AI Server provides a unified API to process requests for AI services to access LLMs, Image Generation, Transcription, and more. The API is designed to be simple to use and easy to integrate into your applications providing many supported languages and frameworks.
Chat UI​
AI Server's Chat UI lets upi send Open AI Chat requests with custom system prompts to any of its active LLMs:
https://localhost:5006/Chat
Making a Chat Request​
To make a chat request to AI Server, you can use the /api/OpenAiChatCompletion
endpoint. This endpoint requires a OpenAiChatCompletion
request DTO that contains a property matching the OpenAI
API.
Sync Open AI Chat Completion​
var client = GetLocalApiClient(AiServerUrl);
var response = client.Post(new OpenAiChatCompletion {
Model = "llama3.1:8b",
Messages =
[
new() { Role = "system", Content = "You are a helpful AI assistant." },
new() { Role = "user", Content = "How do LLMs work?" }
],
MaxTokens = 50
});
var answer = response.Choices[0].Message.Content;
This request will generate a response from the llama3:8b
model using the system
and user
messages provided. This will perform the operation synchronously, waiting for the response to be generated before returning it to the client.
Alternatively, you can call the same endpoint asynchronously by using the /api/QueueOpenAiChatCompletion
endpoint. This will queue the request for processing and return a URL to check the status of the request and download the response when it's ready.
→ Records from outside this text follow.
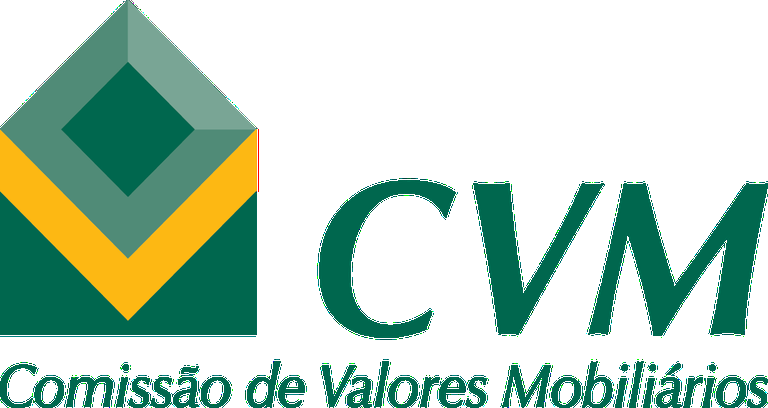 Logo da CVM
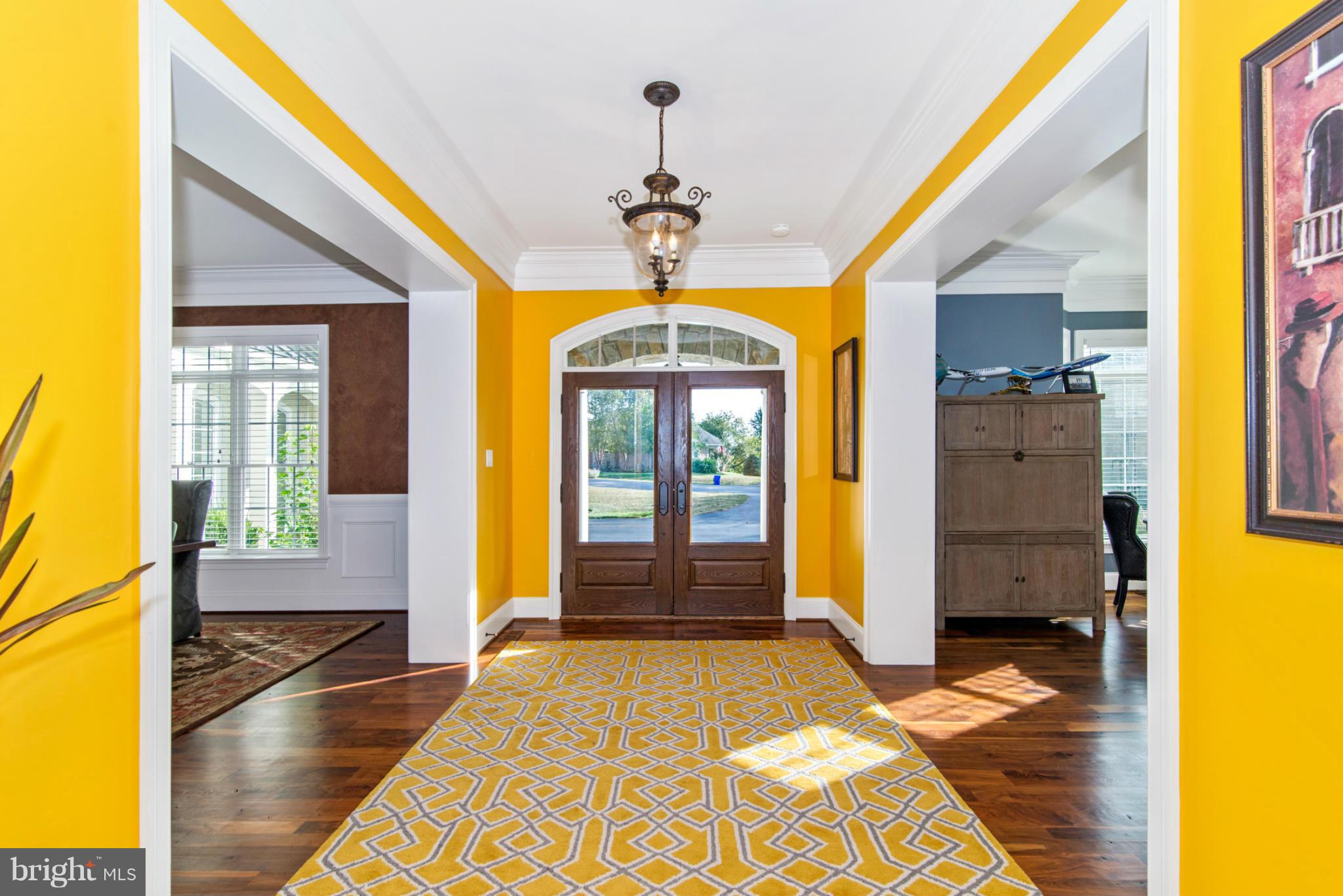 CATTAIL CREEK - Residential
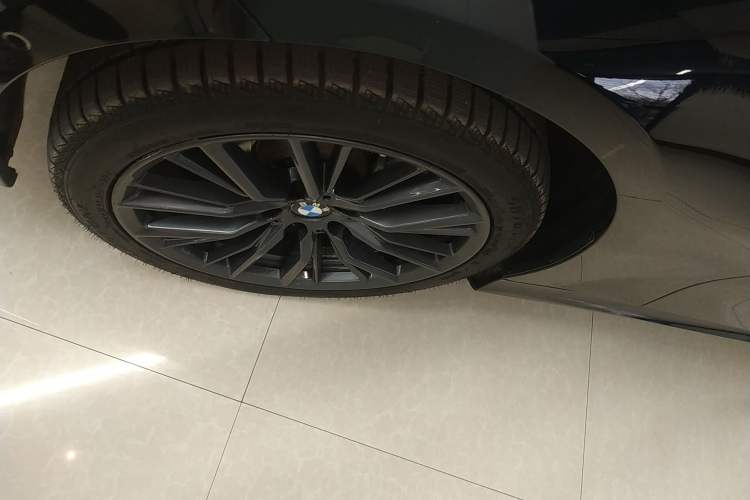 Used BMW 3 Series 2021 Restyled 325i M Sport Night Edition Package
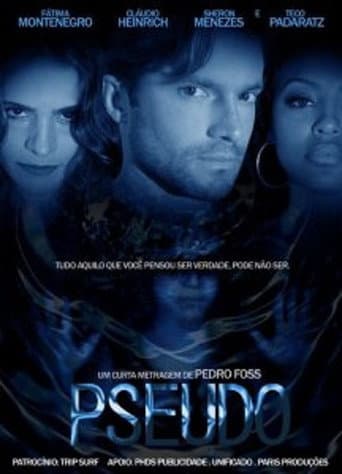 Poster for Pseudo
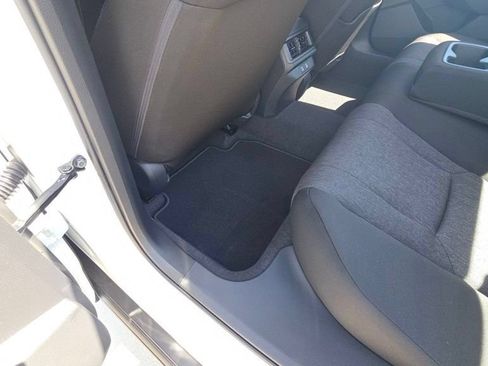 New 2026 Honda Accord LX image 18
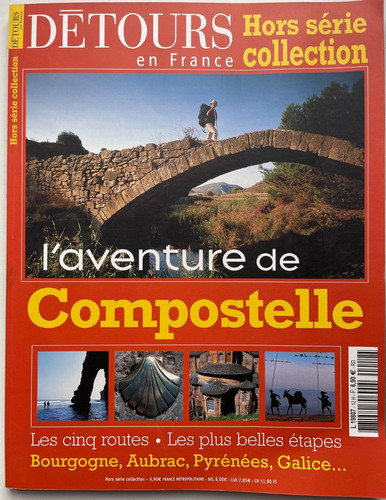 Détours france hors série - détours,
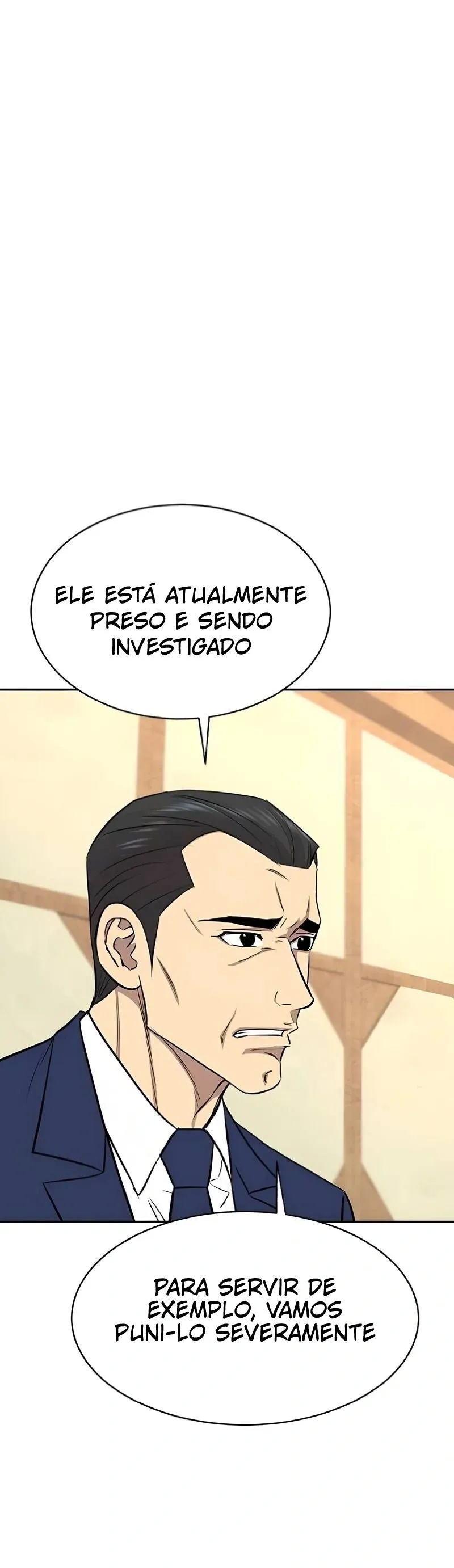 O Neto Genial do Rei dos Agiotas Capítulo 13 Página 28
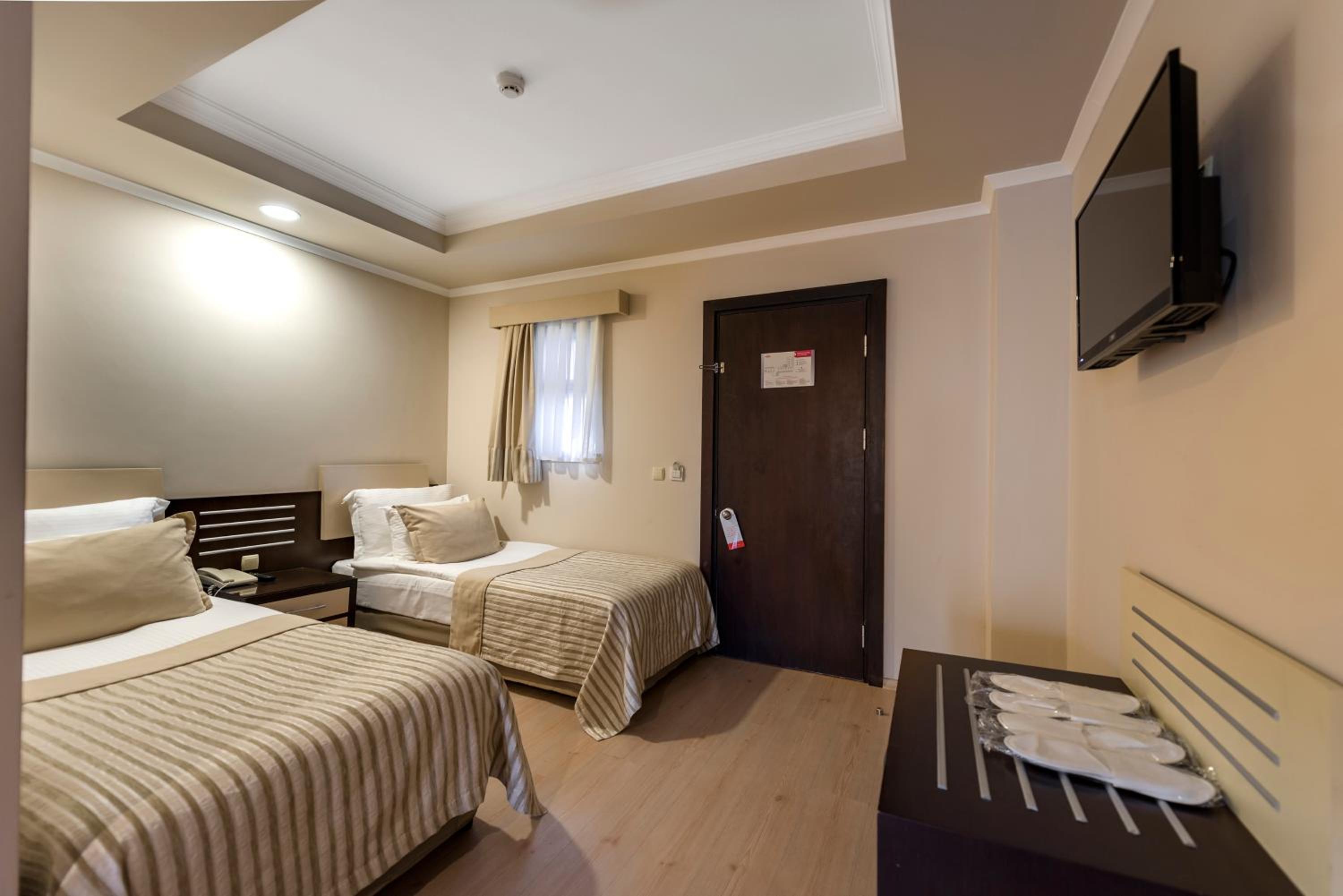 Family Suite photo 3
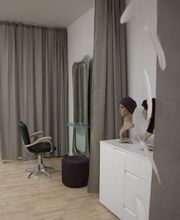 das Perückenhaus Basel, Alessandra Audiberti Bild 4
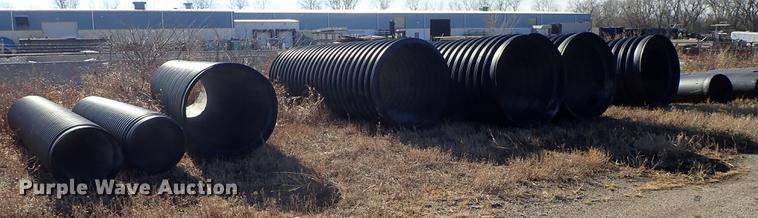 image for item EM9352 Plastic pipe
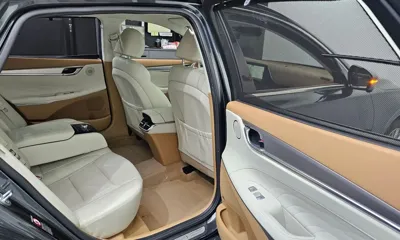 Hyundai Grandeur 2022, 124928 км, за 14911.76 USD - фото 11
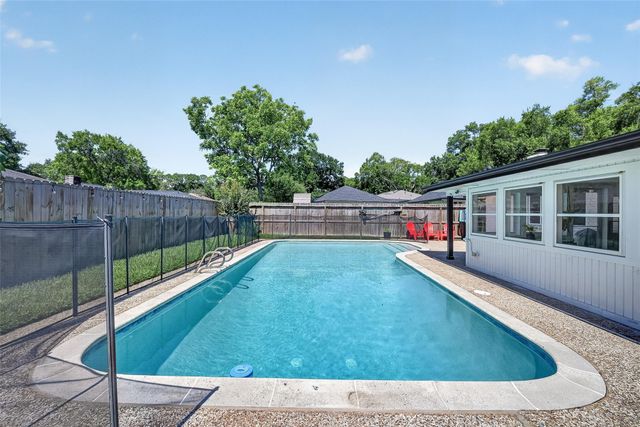 1626 Seagate Lane, Houston, TX 77062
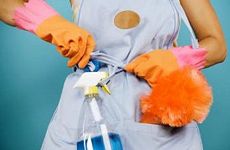 Lavoro casalinghe italiane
Queued Open AI Chat Completion​
var client = GetLocalApiClient(AiServerUrl);
var response = client.Post(new QueueOpenAiChatCompletion
{
Request = new()
{
Model = "gpt-4-turbo",
Messages =
[
new() { Role = "system", Content = "You are a helpful AI assistant." },
new() { Role = "user", Content = "How do LLMs work?" }
],
MaxTokens = 50
},
});
// Poll for Job Completion Status
GetOpenAiChatStatusResponse status = new();
while (status.JobState is BackgroundJobState.Started or BackgroundJobState.Queued)
{
status = await client.GetAsync(new GetOpenAiChatStatus { RefId = response.RefId });
await Task.Delay(1000);
}
var answer = status.Result.Choices[0].Message.Content;
Additional optional features on the request to enhance the usage of AI Server include:
- RefId: A unique identifier for the request specified by the client to more easily track the progress of the request.
- Tag: A tag to help categorize the request for easier tracking.
RefId
and Tag
are available on both synchronous and asynchronous requests, where as Queue requests also support:
- ReplyTo: A URL to send a POST request to when the request is complete.
Open AI Chat with ReplyTo Callback​
The Queued API also accepts a ReplyTo Web Callback for a more reliable push-based App integration where responses are posted back to a custom URL Endpoint:
var correlationId = Guid.NewGuid().ToString("N");
var response = client.Post(new QueueOpenAiChatCompletion
{
//...
ReplyTo = $"https://example.org/api/OpenAiChatResponseCallback?CorrelationId=${correlationId}"
});
Your callback can add any additional metadata on the callback to assist your App in correlating the response with
the initiating request which just needs to contain the properties of the OpenAiChatResponse
you're interested in
along with any metadata added to the callback URL, e.g:
public class OpenAiChatResponseCallback : IPost, OpenAiChatResponse, IReturnVoid
{
public Guid CorrelationId { get; set; }
}
public object Post(OpenAiChatResponseCallback request)
{
// Handle OpenAiChatResponse callabck
}
Unless your callback API is restricted to only accept requests from your AI Server, you should include a
unique Id like a Guid
in the callback URL that can be validated against an initiating request to ensure
the callback can't be spoofed.
Using the AI Server Request DTOs with other OpenAI compatible APIs​
One advantage of using AI Server is that it provides a common set of request DTOs in 11 different languages that are compatible with OpenAI's API. This allows you to switch between OpenAI and AI Server without changing your client code. This means you can switch to using typed APIs in your preferred language with your existing service providers OpenAI compatible APIs, and optionally switch to AI Server when you're ready to self-host your AI services for better value.
var client = new JsonApiClient("https://api.openai.com");
client.BearerToken = Environment.GetEnvironmentVariable("OPENAI_API_KEY");
// Using AI Server DTOs with OpenAI API
var request = new OpenAiChatCompletion {
Model = "gpt-4-turbo",
Messages = [
new() { Role = "system", Content = "You are a helpful AI assistant." },
new() { Role = "user", Content = "What is the capital of France?" }
],
MaxTokens = 20
};
var response = await client.PostAsync<OpenAiChatResponse>(
"/v1/chat/completions",
request);
This shows usage of the OpenAiChat
request DTO directly with OpenAI's API using the ServiceStack JsonApiClient
, so you get the benefits of using typed APIs in your preferred language with your existing service providers OpenAI compatible APIs.